#### What you should do
Quote exactly the lines spanning from the top of the data below to the line that contains "14 Robinhood Dr, Mountain", including both.
──────── Available data
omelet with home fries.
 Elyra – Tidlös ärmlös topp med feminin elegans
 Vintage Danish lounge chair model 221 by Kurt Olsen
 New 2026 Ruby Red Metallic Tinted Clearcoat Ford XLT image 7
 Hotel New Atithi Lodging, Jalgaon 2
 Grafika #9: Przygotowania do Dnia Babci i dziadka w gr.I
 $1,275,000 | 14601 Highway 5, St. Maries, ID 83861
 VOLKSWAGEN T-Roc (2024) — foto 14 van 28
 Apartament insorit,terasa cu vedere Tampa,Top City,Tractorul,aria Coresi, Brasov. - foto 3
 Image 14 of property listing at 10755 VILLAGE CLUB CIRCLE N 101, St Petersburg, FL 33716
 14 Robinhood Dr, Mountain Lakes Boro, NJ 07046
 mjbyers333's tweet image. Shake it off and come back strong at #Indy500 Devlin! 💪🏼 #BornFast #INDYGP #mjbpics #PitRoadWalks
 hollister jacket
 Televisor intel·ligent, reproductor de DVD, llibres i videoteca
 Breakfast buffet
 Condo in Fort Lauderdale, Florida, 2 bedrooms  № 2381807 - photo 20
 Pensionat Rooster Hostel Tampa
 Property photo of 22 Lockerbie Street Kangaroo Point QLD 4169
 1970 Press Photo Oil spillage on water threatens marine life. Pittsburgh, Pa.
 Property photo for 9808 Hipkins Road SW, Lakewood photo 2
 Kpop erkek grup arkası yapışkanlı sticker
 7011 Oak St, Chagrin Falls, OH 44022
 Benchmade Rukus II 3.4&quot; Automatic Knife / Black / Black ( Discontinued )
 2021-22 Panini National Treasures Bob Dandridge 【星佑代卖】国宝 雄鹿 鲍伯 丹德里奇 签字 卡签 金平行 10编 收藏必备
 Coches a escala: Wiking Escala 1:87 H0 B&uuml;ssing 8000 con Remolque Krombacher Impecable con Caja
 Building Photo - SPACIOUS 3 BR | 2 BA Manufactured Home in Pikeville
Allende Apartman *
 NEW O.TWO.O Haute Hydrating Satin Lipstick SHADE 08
────────────────
#### Task solution
omelet with home fries.
 Elyra – Tidlös ärmlös topp med feminin elegans
 Vintage Danish lounge chair model 221 by Kurt Olsen
 New 2026 Ruby Red Metallic Tinted Clearcoat Ford XLT image 7
 Hotel New Atithi Lodging, Jalgaon 2
 Grafika #9: Przygotowania do Dnia Babci i dziadka w gr.I
 $1,275,000 | 14601 Highway 5, St. Maries, ID 83861
 VOLKSWAGEN T-Roc (2024) — foto 14 van 28
 Apartament insorit,terasa cu vedere Tampa,Top City,Tractorul,aria Coresi, Brasov. - foto 3
 Image 14 of property listing at 10755 VILLAGE CLUB CIRCLE N 101, St Petersburg, FL 33716
 14 Robinhood Dr, Mountain Lakes Boro, NJ 07046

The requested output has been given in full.